Matthew Judon, edge rusher, free agent
Judon is a long, rangy defender who uses his body and lean to create separation with his arm length. The Pro Bowler has the ability to play over guards on the interior or on the edges, and that versatility helped him reach career-best marks in sacks (9.5) and quarterback hits (33, fourth in the NFL) in 2019. He was exceptional for the Ravens defense, forcing five turnovers caused by pressure (tied for third-most in the NFL), per Next Gen Stats. Judon is just scratching the surface of his potential entering his fifth season.

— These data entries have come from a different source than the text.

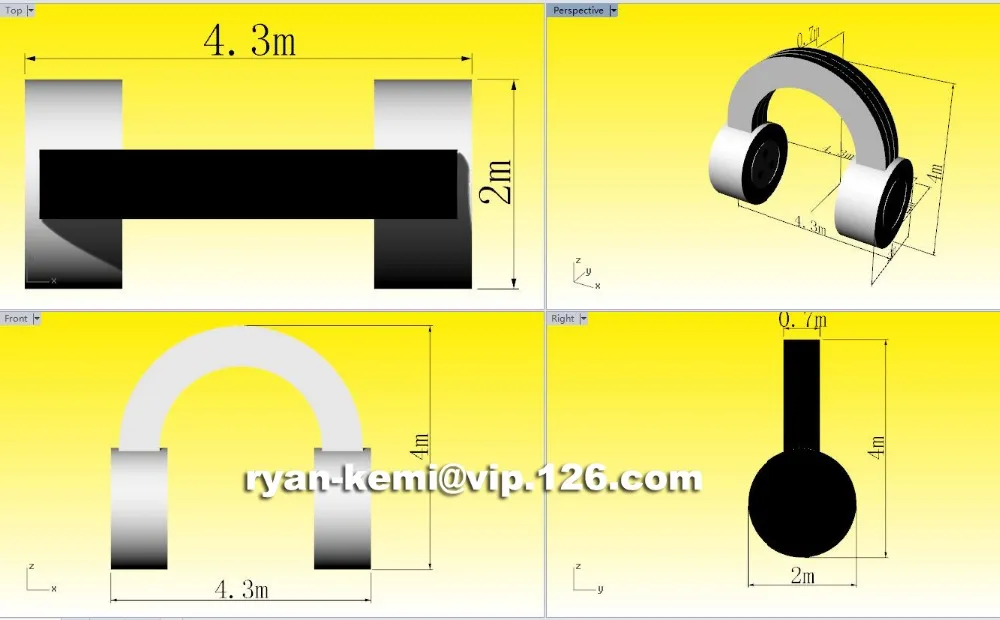 4m high giant inflatable headphones replicas for advertising display large inflatable headset music events decoration use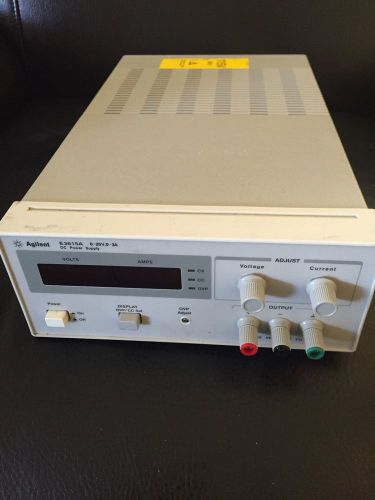 HP Agilent Keysight E3615A DC Power Supply 0to20V 3A 60W 30 Day Warranty &amp; Cal.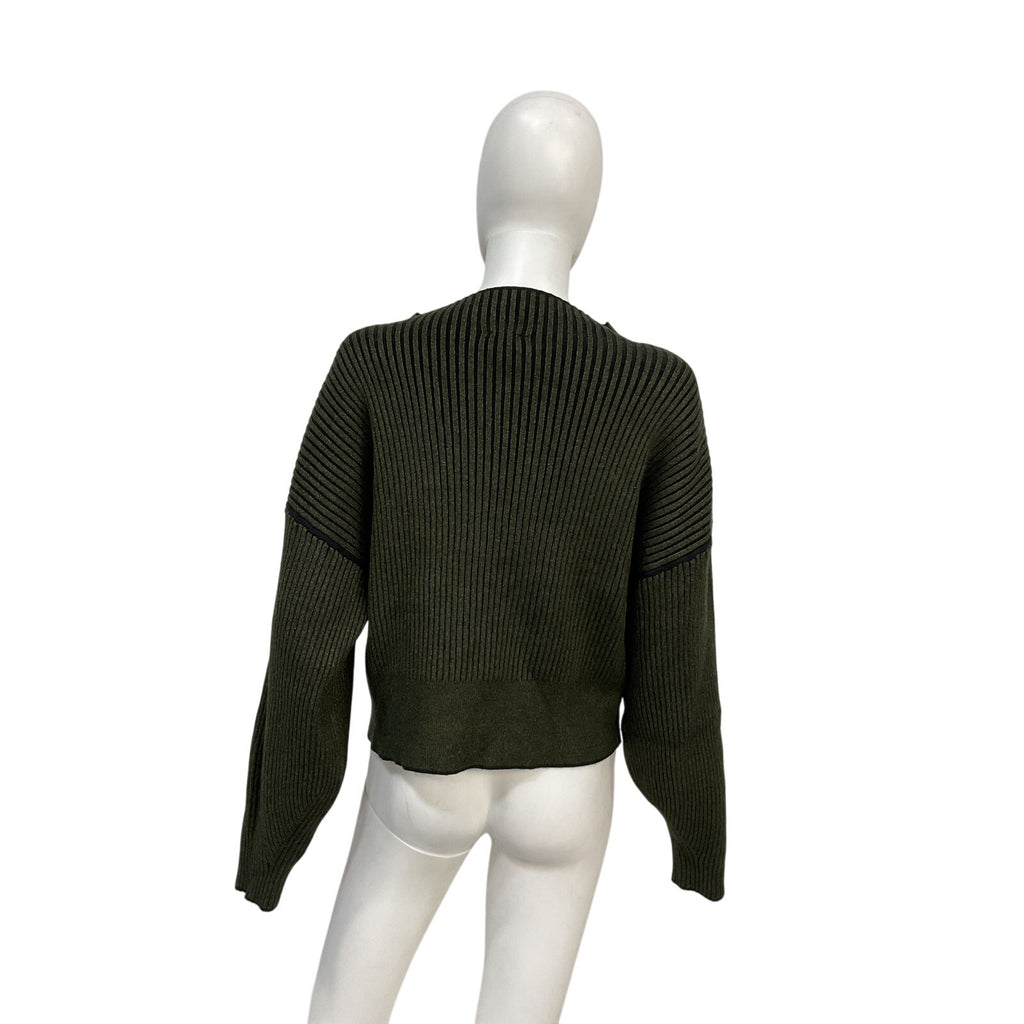 Varley 'Grant' Green Viscose Knit Sweater Size S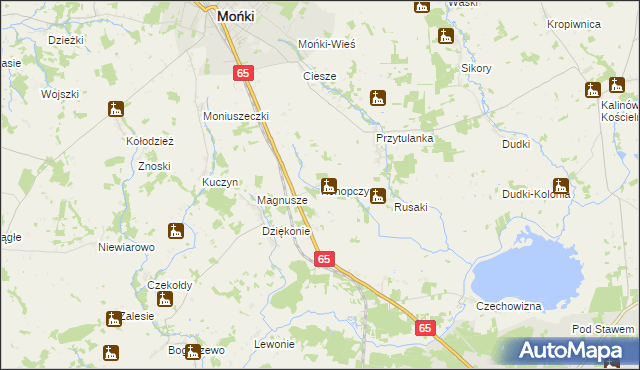 mapa Konopczyn, Konopczyn na mapie Targeo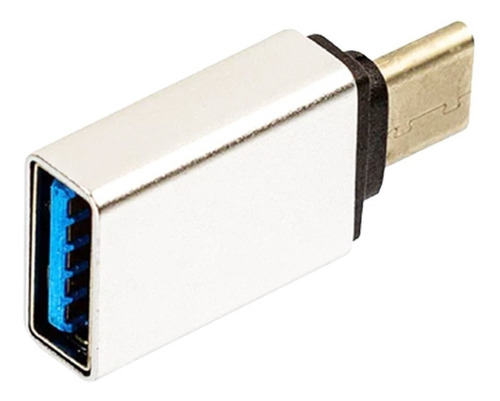 Adaptador Usb-c Usb 3.0 Com Função Otg - Prata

Yannick Ngakoue, edge rusher, free agent
In 2019, Ngakoue totaled eight sacks, 15 quarterback hits, 13 tackles for loss, four forced fumbles and one pick-six. And that was a somewhat quiet campaign by his standards. The fifth-year pro is one of five players with at least 80 QB hits and 10 forced fumbles since 2016, joining Khalil Mack, Aaron Donald, Frank Clark and Chandler Jones. The 24-year-old is compact, super quick and has great lean, which makes it incredibly hard for linemen to keep him in check for an entire game.
Jordan Phillips, DT, free agent
Phillips had a breakout campaign in his first full season with Sean McDermott and the Buffalo Bills. The 6-6, 341-pound defensive tackle had a career-high 9.5 sacks (second among DTs) -- his previous high was 2.0 in 2017 and 2015. His big frame makes him incredibly hard to move. Plus, his explosiveness and violent hands give his opponents fits. Phillips is what my colleague Bucky Brooks would call a dancing bear as a big guy who has great footwork.
Leonard Williams, DL, free agent
The former sixth overall pick recorded 16 QB hits in 15 starts this season while splitting his time between the New York Jets and Giants, who traded for him at midseason. Williams is very athletic and has a great first step but has yet to reach his full potential. I loved his decision to reach out to Richard Seymour, my former teammate in New England, to learn from "The Godfather" and better his mental approach to the game. Williams has all the tools to be great and can be if he works on his craft while following the advice he's given.
It's widely known that Young is the best player in the 2020 NFL Draft class. Young is more athletic and a more natural pass rusher than 2019 Defensive Rookie of the Year Nick Bosa was coming out of Ohio State. Young has good lean for a 6-5 edge rusher. He knows how to use his hands, but still has room to add to his arsenal of pass rush and counter moves. There's good reason he's expected to have one of the shortest waits to hear his name called on Draft Day.